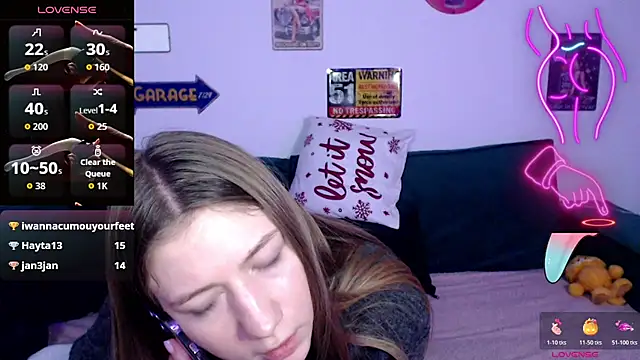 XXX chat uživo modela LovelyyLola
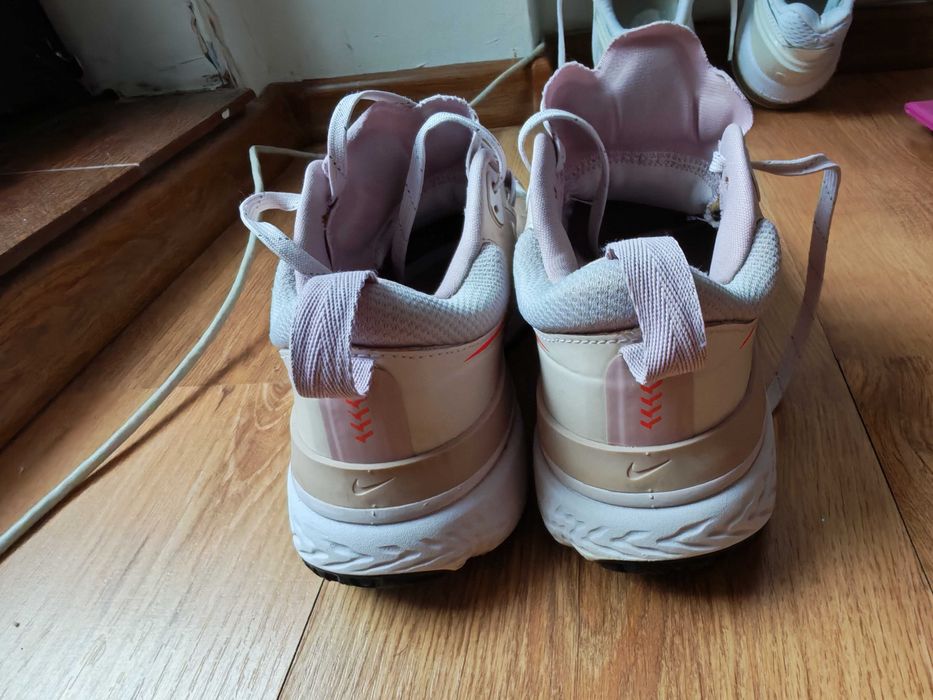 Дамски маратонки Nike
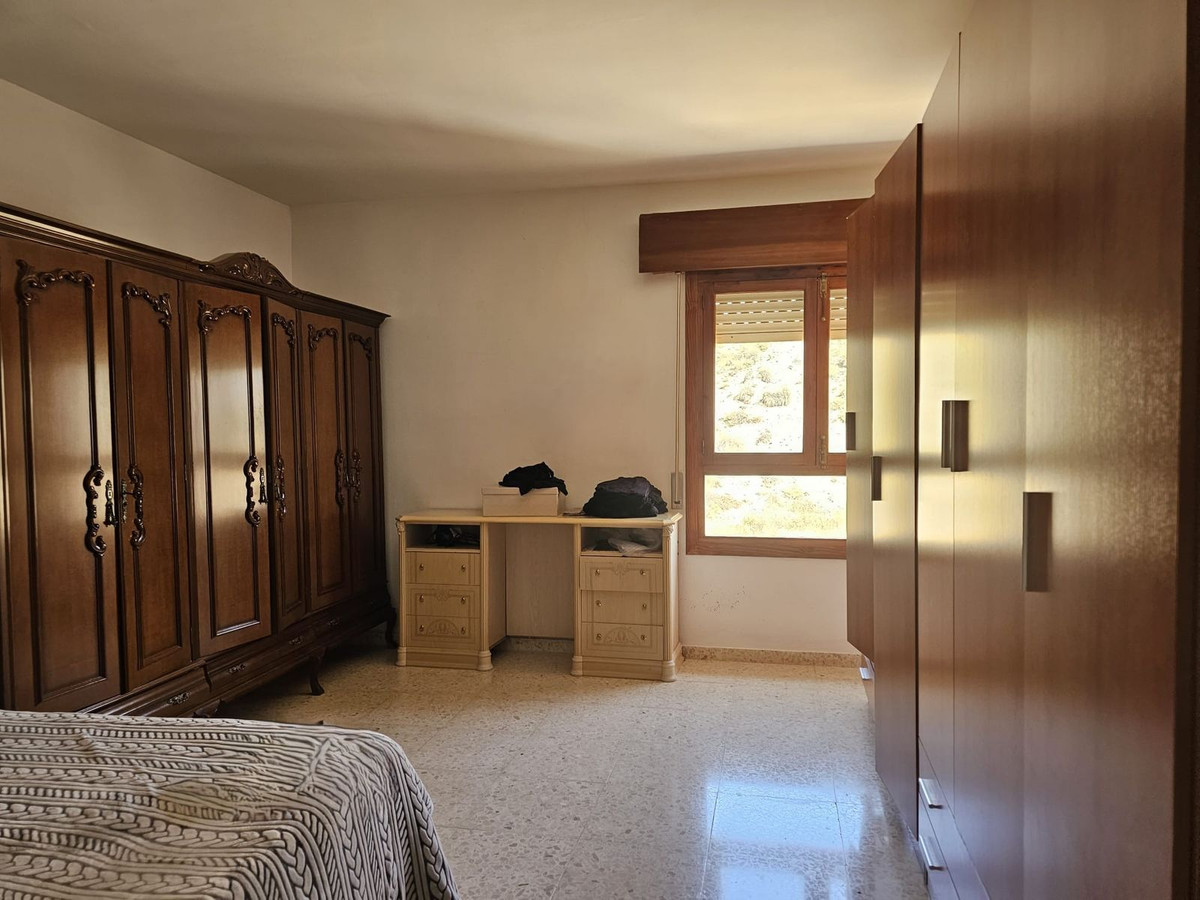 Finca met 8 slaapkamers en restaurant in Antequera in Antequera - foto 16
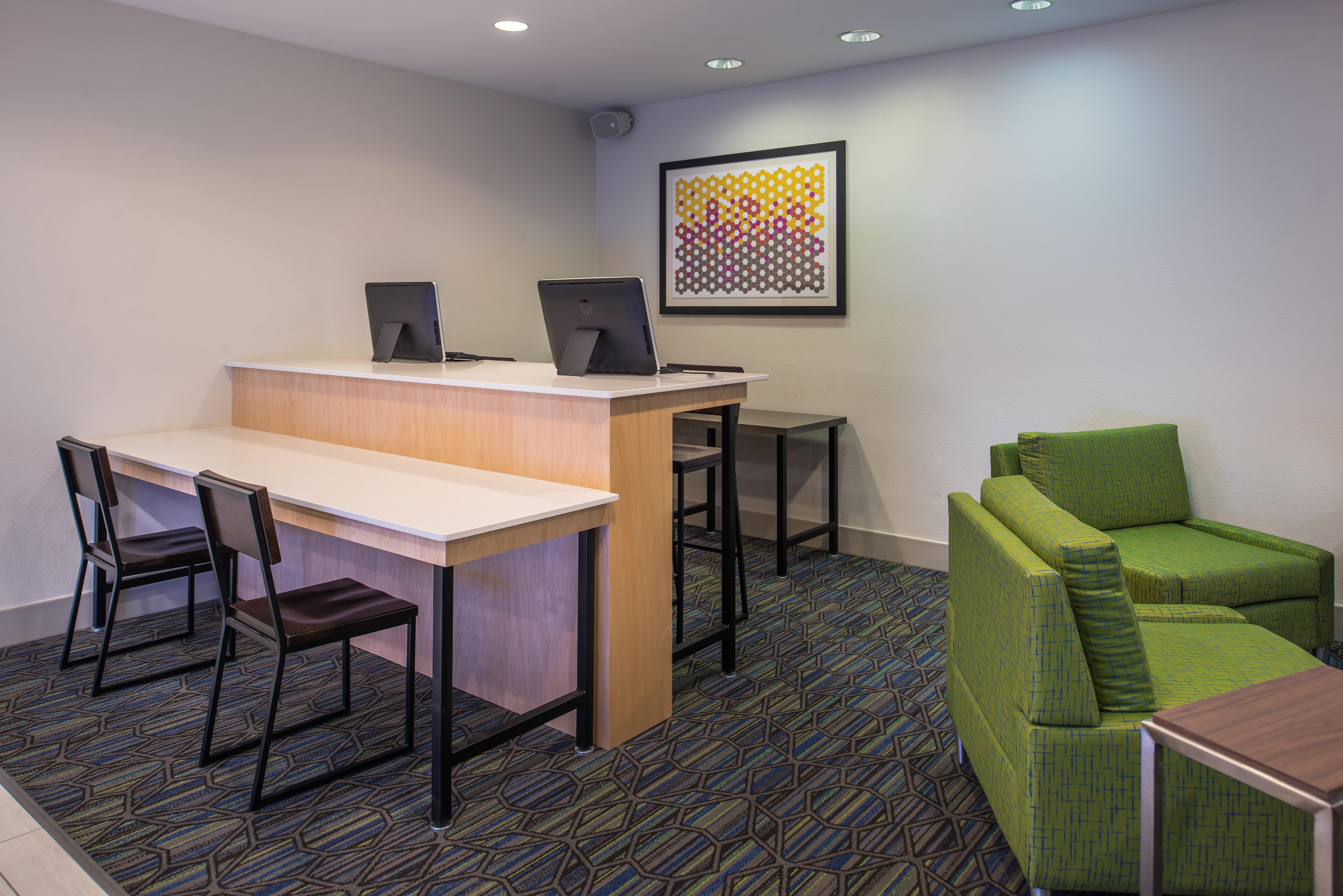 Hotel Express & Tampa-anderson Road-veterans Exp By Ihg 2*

▸ AIM OF THE EXERCISE:
Please leave the images out and retype the rest of the material exactly.

▸ ANSWER TO THIS PROBLEM:
 XXX chat uživo modela LovelyyLola
 Дамски маратонки Nike
 Finca met 8 slaapkamers en restaurant in Antequera in Antequera - foto 16
 Hotel Express & Tampa-anderson Road-veterans Exp By Ihg 2*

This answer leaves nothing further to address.